Inference jobs will automatically download the source data and upload the predictions as part of their execution. To specify the location of the source data, select the required storage provider from the
Input Type field and the path to the data in the
Input Storage Path field. When the job starts, the data from this location will be placed into the
/opt/trainml/input directory. To specify where to send the output predictions, select the required storage provider from the
Output Type field and the path to send the results to in the
Output Storage Path field.
In order for the automatic output to work, you must save the resuls in the
/opt/trainml/output folder. The recommended way to configure this in your code is to use the TRAINML_OUTPUT_PATH environment variable.
If you created a trainML model in the previous step, select
trainML Model as the
Model Type and select it from the list. Otherwise, select
Git and specify the git clone URL of the repository.
Specify the command to use to perform the inference operation with the selected model on the data that will be loaded. The command specified will be run at the root of the model that was loaded based on the models section. For example, if your inference code is called
predict.py and takes parameters for the data location (--data-path) and where to save the predictions (--output-path), the command would be the following:
python predict.py --data-path=$TRAINML_DATA_PATH --output-path=$TRAINML_OUTPUT_PATH
This command takes advantage of the trainML environment variables to ensure the code is utilizing the correct directory structure.

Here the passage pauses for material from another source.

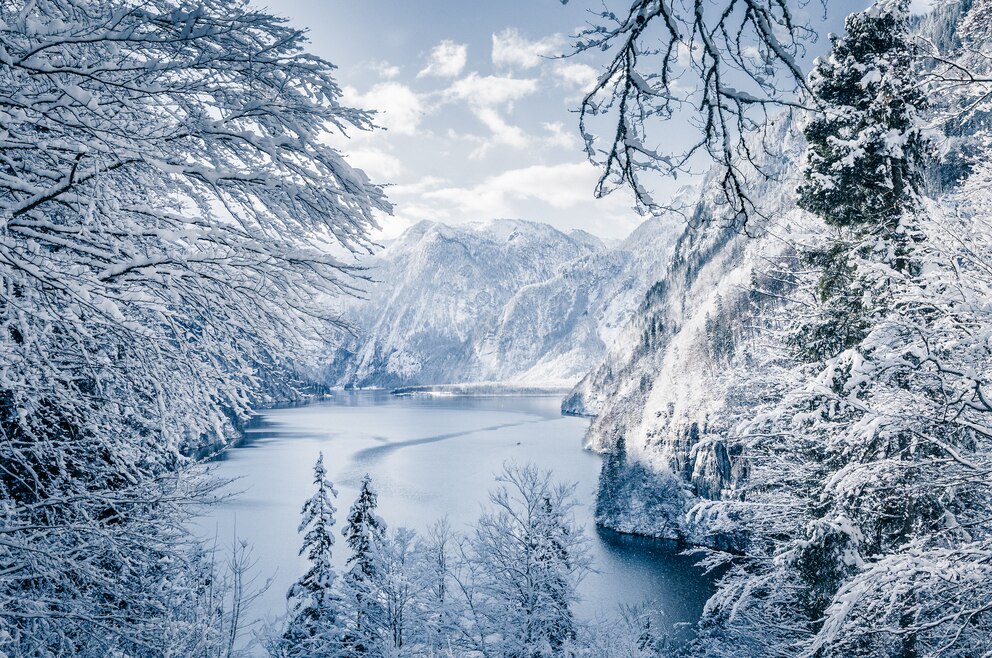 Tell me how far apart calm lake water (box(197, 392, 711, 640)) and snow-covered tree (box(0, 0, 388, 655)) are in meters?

Once you click Next on the job form, you are given the opportunity to review your inference job configuration for errors. Review these settings carefully. They cannot be changed once a job is started.
If the number of GPUs requested exceeds the current available GPUs of that type, you will receive a message on the review form stating that job will queue until GPUs become available. When this occurs, the job will wait until GPUs of the type you selected become available. You are not billed for waiting jobs.
Monitoring the Job
Once a job successfully starts, the dashboard should indicate that the job is in the
running state. Click the
View button to access the job logs. Log messages are sorted in descending order (most recent on top) and new log messages appear automatically as they are generated. If there are many log message, you can scroll down on the page to see older logs.
To view detailed information about the job, click on the job name from the Inference Job dashboard.
Stopping and Terminating a Job
When each worker finishes executing, it automatically stops, and billing for that worker also stops. When all workers complete, the job is considered finished. You can also interrupt a running job or job worker by clicking
Stop on either the job or the job worker.
Finished jobs may be automatically purged after 24 hours.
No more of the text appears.